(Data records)
--- START ---

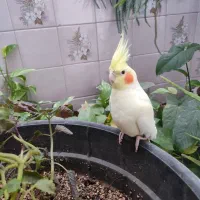 عروس هلندی|پرنده|محلات, |دیوار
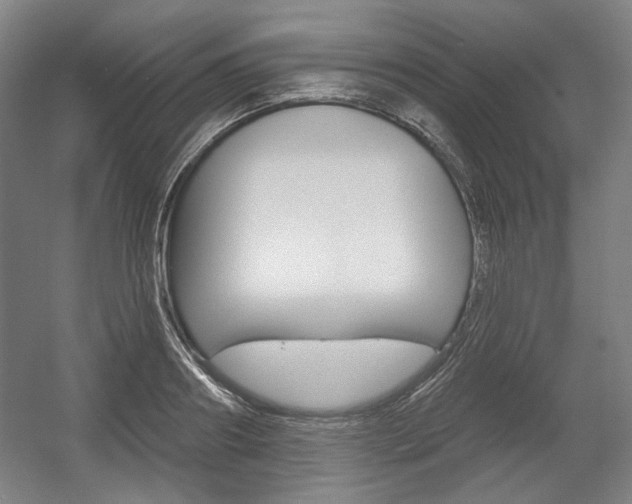 X0000056010890200508190851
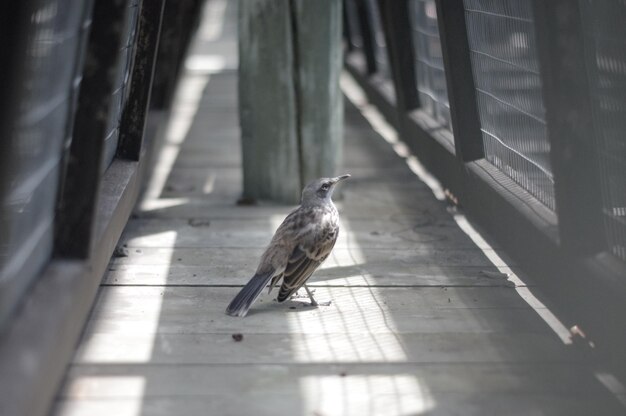 Foto un pájaro en medio de la valla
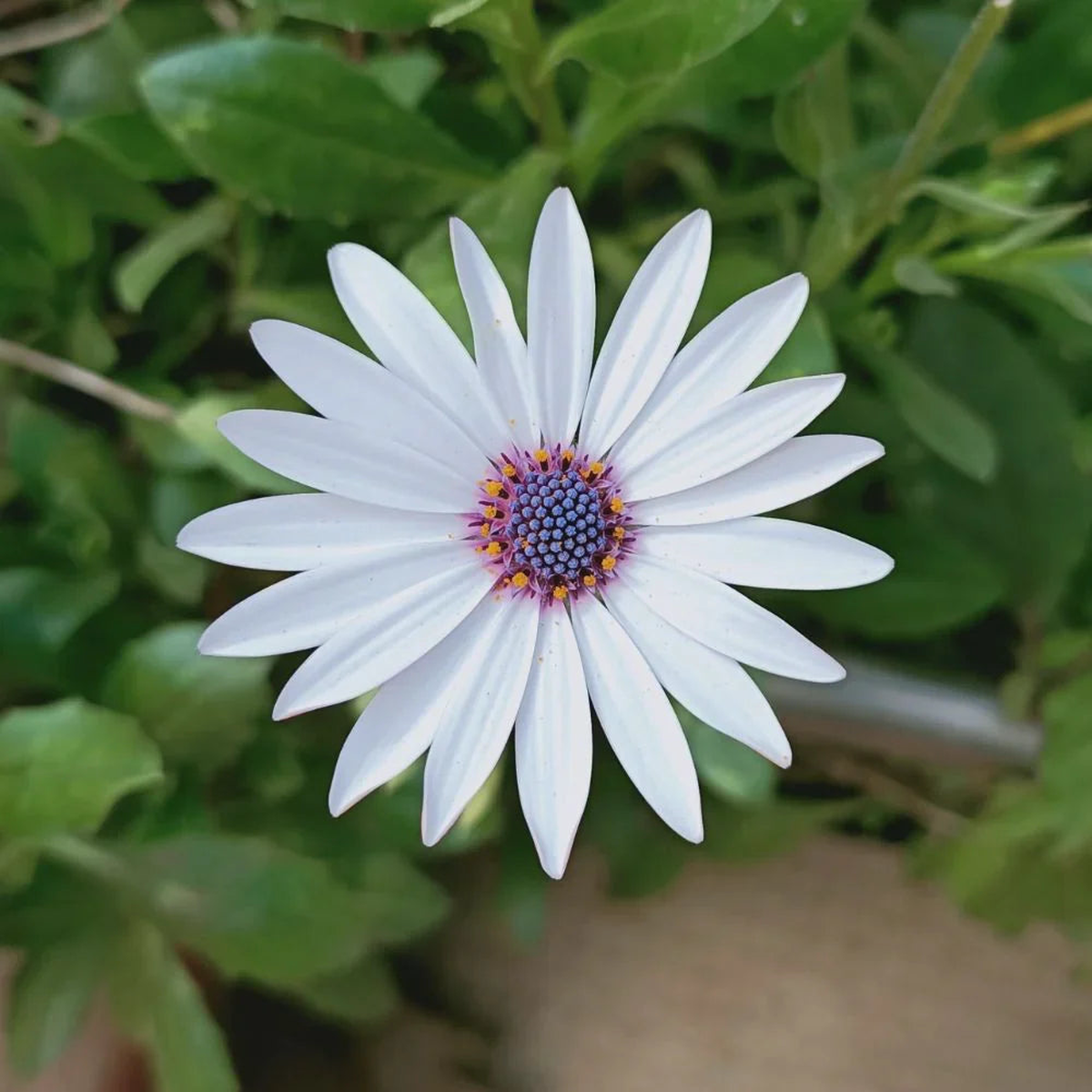 Dimorphotheca Flower Seeds Shade Tolerant, Heirloom, Non-GMO, High Germination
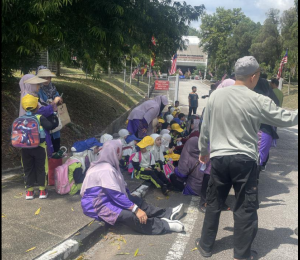 Guru, tiga murid tadika cedera bas langgar pokok di UPM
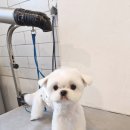 홍글몽글 이미지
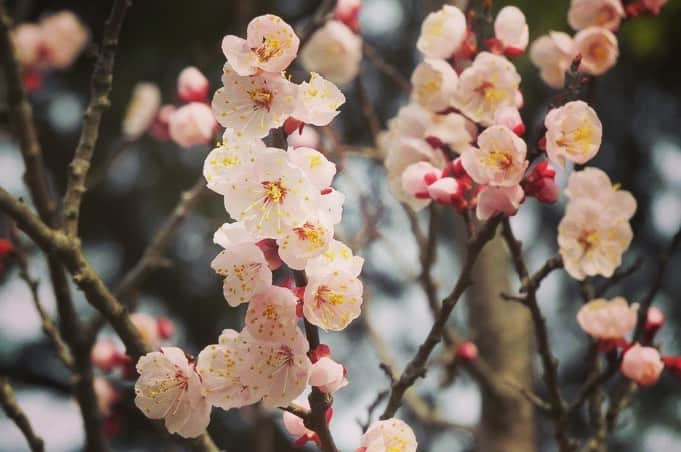 Soka Universityさんのインスタグラム写真 - (Soka UniversityInstagram)「Campus Seasonal Photos March ② 丹木の歳時記　弥生(二) ⑴ Scarlet cherry blossom・緋寒桜(ヒカンザクラ) ⑵ Cherry blossom・桜(サクラ) ⑶ 桜 ⑷ Camellia・椿(ツバキ) ⑸ Peach・桃(モモ) ⑹ Apricot・杏(アンズ) ⑺ Plum・梅(ウメ) ⑻ Chinese violet cress・大紫羅欄花(オオアラセイトウ) ⑼ Japanese hyacinth・猩々袴(ショウジョウバカマ) ⑽ Daurian redstart・尉鶲(ジョウビタキ) #sodaigram #discoversoka #sodaipictures #sokauniversity #創価大学 #hachioji #八王子 #tokyo #東京 #campus #キャンパス #students #学生 #university #大学 #global #グローバル #network #ネットワーク #fourseasons #四季 #spring #春 #march #3月 #弥生 #environment #環境 #nature #自然」4月13日 13時33分 - sokauniversity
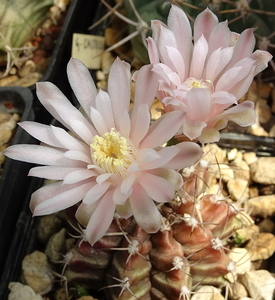 DSC07235Gymnocalycium friedrichii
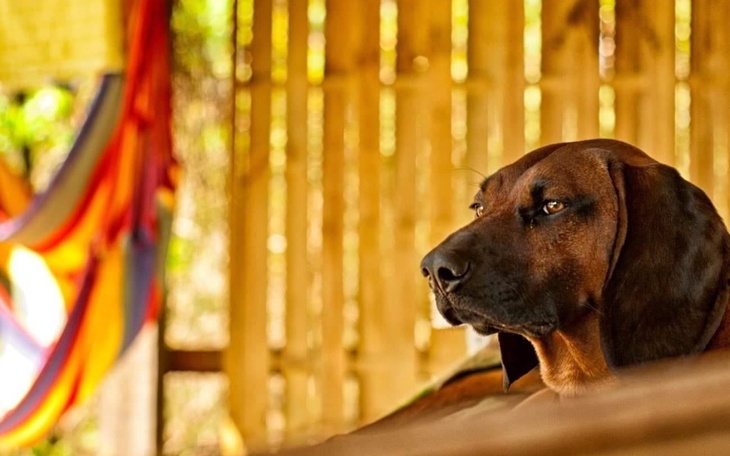 Zbiórka Karma dla czworonogów z Ukrainy - zdjęcie główne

--- END ---

**Assignment:** Could you copy each line above exactly as written, minus any pictures?

**Reply to the task:**
 عروس هلندی|پرنده|محلات, |دیوار
 X0000056010890200508190851
 Foto un pájaro en medio de la valla
 Dimorphotheca Flower Seeds Shade Tolerant, Heirloom, Non-GMO, High Germination
 Guru, tiga murid tadika cedera bas langgar pokok di UPM
 홍글몽글 이미지
 Soka Universityさんのインスタグラム写真 - (Soka UniversityInstagram)「Campus Seasonal Photos March ② 丹木の歳時記　弥生(二) ⑴ Scarlet cherry blossom・緋寒桜(ヒカンザクラ) ⑵ Cherry blossom・桜(サクラ) ⑶ 桜 ⑷ Camellia・椿(ツバキ) ⑸ Peach・桃(モモ) ⑹ Apricot・杏(アンズ) ⑺ Plum・梅(ウメ) ⑻ Chinese violet cress・大紫羅欄花(オオアラセイトウ) ⑼ Japanese hyacinth・猩々袴(ショウジョウバカマ) ⑽ Daurian redstart・尉鶲(ジョウビタキ) #sodaigram #discoversoka #sodaipictures #sokauniversity #創価大学 #hachioji #八王子 #tokyo #東京 #campus #キャンパス #students #学生 #university #大学 #global #グローバル #network #ネットワーク #fourseasons #四季 #spring #春 #march #3月 #弥生 #environment #環境 #nature #自然」4月13日 13時33分 - sokauniversity
 DSC07235Gymnocalycium friedrichii
 Zbiórka Karma dla czworonogów z Ukrainy - zdjęcie główne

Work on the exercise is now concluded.